Under the guidance of its editor and founder Alan Holdsworth, Epicurean played a significant evolutionary role in shaping what is now widely recognised as a vibrant and coherent Australian food and wine culture. Holdsworth’s adroit stewardship fostered some of the country’s finest culinary writers but his appointment of Mason as the magazine’s inaugural art director proved a most prescient decision. Over a thirteen-year period, Mason and his collaborators designed 77 issues of Epicurean. Each was imbued with a spirit of invention and uninhibited joie de vivre, an astonishing achievement given the length of time, sameness of subject matter and lack of funds. It is also worth remembering that this was the time of the drawing board, of bromides and paste-up, not the hard drive.

The low budget lead to a prolific use of materials and found objects; Mason treated each Epicurean cover as a 215mm × 275mm canvas on which his own artistic interests and influences found form. His extensive knowledge of art covered such sources as Dada, Arte Povera, geometric abstraction, Colour Field painting, Pop art and Op art. The impact of these passions is conspicuous in the multitude of original artworks Mason created for the magazine, rendered in full-colour covers and largely monotone editorial pages.
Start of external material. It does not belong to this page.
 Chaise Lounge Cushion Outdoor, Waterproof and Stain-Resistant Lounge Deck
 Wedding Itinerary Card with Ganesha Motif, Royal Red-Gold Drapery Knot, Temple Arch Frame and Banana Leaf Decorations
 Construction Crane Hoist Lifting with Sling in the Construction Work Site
Typographically, Epicurean’s masthead was in a constant state of flux, deploying all manner of exotic display faces, in sharp contrast to the conventions of magazine title design, where consistency is paramount. After a day dealing with galleys of Helvetica for corporate clients such as Philip Morris, Epicurean’s eccentric challenges must have been a welcome diversion.

The internal pages of the magazine seem positively sedate in comparison to the cover’s fireworks, with a conventional grid and consistent use of Times for body copy from issue 7 onwards. Such pragmatism probably reflects the realities of delivering a bi-monthly magazine to tight deadlines. The contents spread, however, was also given special attention. Though the covers and internal pages were rarely linked by a unified identity, they shared a common spirit.

Mason was an enthusiastic and talented photographer, and his office incorporated a photography studio at a time when the lines between professions were clearly drawn, another example of his shape-shifting unorthodoxy. His talented and versatile staff would be called upon to assist in any manner of unexpected ways, from the conventional (photography and illustration) to the surreal (animal wrangling). Their endeavour gained an international reputation, with features in international design journals such as IDEA, Graphis and Gebrauchsgraphik.

The role of Holdsworth as facilitator for Mason’s experiments cannot be understated. Writing of the moment they met (in Ken Cato’s book, First Choice, 1989), Mason hints at the chemistry that was a key element in their successful partnership: ‘It is rare in a designer’s life to feel as if he is making some sort of contribution to society or his own life.

‘I was very fortunate in 1966 to have a man come into my studio who was to become my client and my friend. He was going to start a small wine and food magazine; no money and especially no money for me. I was thrilled. We worked together and drank wine together for the next eleven years until his death.’

A groundbreaking exhibition of paintings from Epicurean was held at Melbourne’s Realities Gallery in 1974. By placing the ephemeral and marginalised world of magazine graphics within the context of the art gallery, Mason again blurred the lines between art and design. Holdsworth died in 1977 and, though the magazine continued in circulation until the early 1980s, Mason designed his final Epicurean in 1979. In the wake of Mason’s recent death, and given the lack of published information about him, the few remaining copies of Epicurean have become valuable artefacts – vital evidence of a remarkable body of work by a charismatic giant of Australian graphic design.